[Gluster-users] Replication not working on server hang

Sat Aug 29 17:40:00 UTC 2009

Hi All,

I'm afraid that I have some more fuel to add to the glusterfs hanging
"fire".

Way back when experimenting with 1.3, I began experiencing hangs.

Then we added the read-ahead Xlator to the server and the hangs
miraculously stopped.
That may well be a coincidence, I don't know, but we never hung while
read-ahead was loaded.

Then came version 2.0 and we hit a bug:

http://bugs.gluster.com/cgi-bin/bugzilla3/show_bug.cgi?id=144

So, we had to take out read-ahead and now we have the hangs again! Doh
& Double Doh!

This has forced me to take glusterfs out of production, and management
is now questioning my decision to utilize it at all (a subscription
won't be purchased anytime soon).

Some points to note:

I'm using ext3, the rest of my set-up is detailed in the above
bugzilla report.

My hangs have often been triggered with a grep -R on the glusterFS
mount (yes, just reading!).

None of my hangs have ever given me a single log entry.

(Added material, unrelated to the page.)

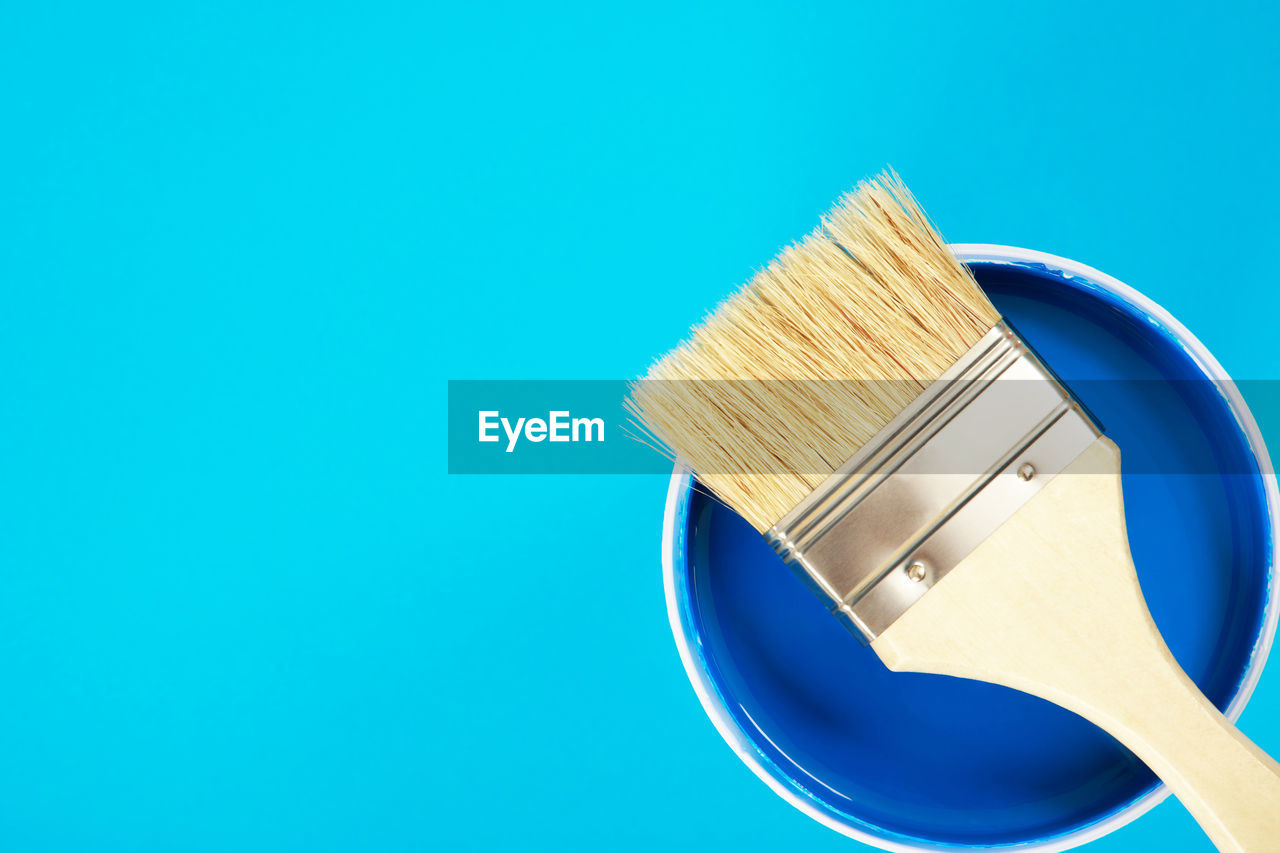 A paint brush is placed on a paint can. with blue background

When hung, the server affected cannot be logged into. Just get the
first line 'Last login:...'

This, and other services I run, seem to indicate that existing
processes that have already open FD's NOT on glusterfs can continue to
execute, but no new FD's can be opened at all, system wide.

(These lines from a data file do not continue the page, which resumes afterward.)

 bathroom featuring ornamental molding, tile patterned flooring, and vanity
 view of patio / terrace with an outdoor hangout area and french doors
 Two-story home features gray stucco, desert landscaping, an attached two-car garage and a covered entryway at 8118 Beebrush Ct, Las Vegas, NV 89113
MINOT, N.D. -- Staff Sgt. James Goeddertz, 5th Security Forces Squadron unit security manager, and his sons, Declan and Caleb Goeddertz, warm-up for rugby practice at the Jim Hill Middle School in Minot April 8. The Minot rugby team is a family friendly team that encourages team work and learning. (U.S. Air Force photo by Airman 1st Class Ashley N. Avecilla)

To date there has been a lot of talk about the underlying FS being an
issue in these cases.

I seriously doubt it, & certainly not in the case of ext3.

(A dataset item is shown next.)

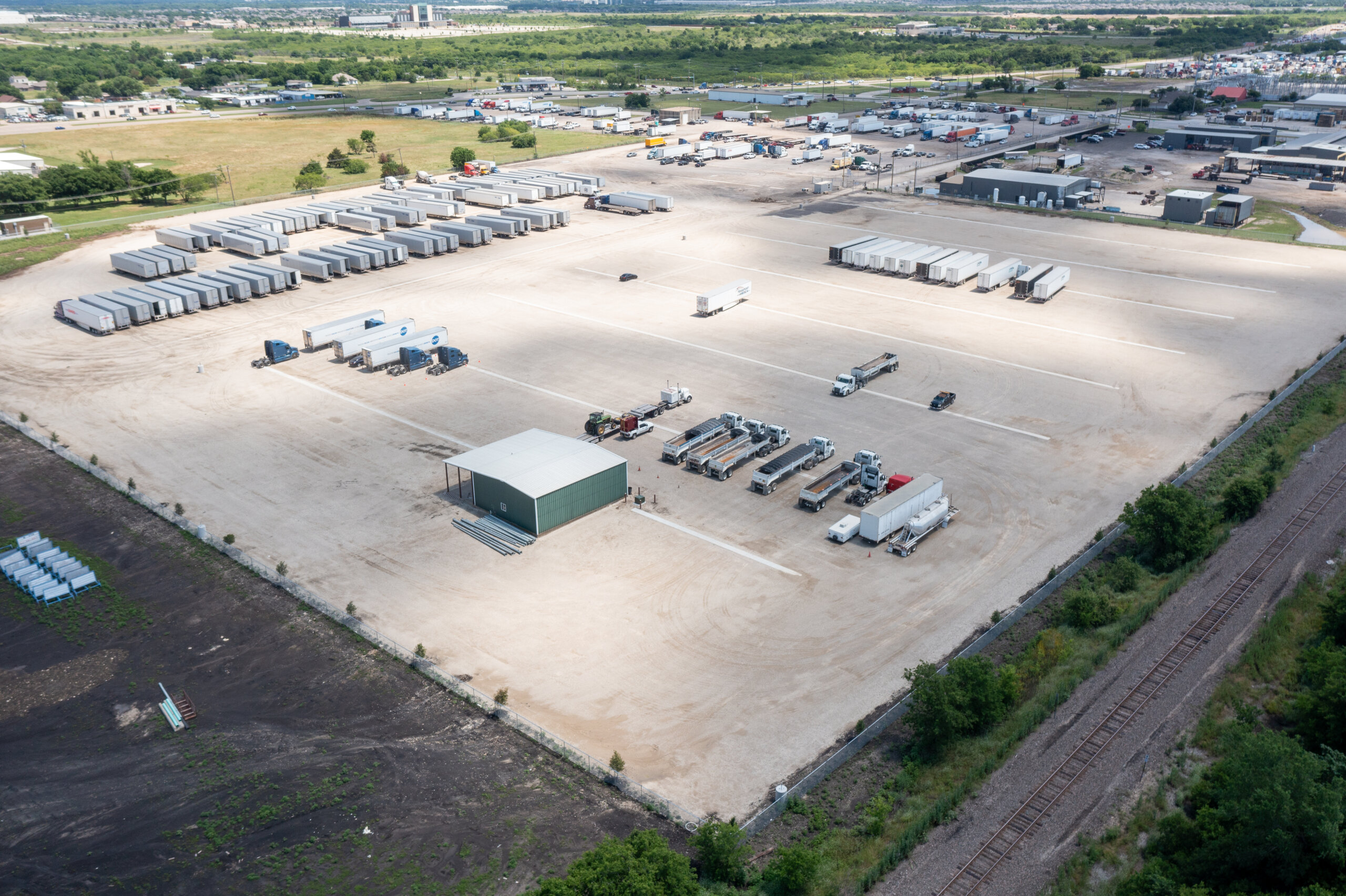 Secure fleet parking facility with American trucks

I agree that the server process shouldn't be able to hang a stable
system, but what about the client?

Could this be the work of GlusterFS/Fuse/Kernel interaction?

Whatever the cause, it is one very large show stopper that we MUST
rectify.

We may well be dealing with several parallel issues.
Finding common factors in our glusterfs instances should help us
narrow down the search.

Regards, Jeff.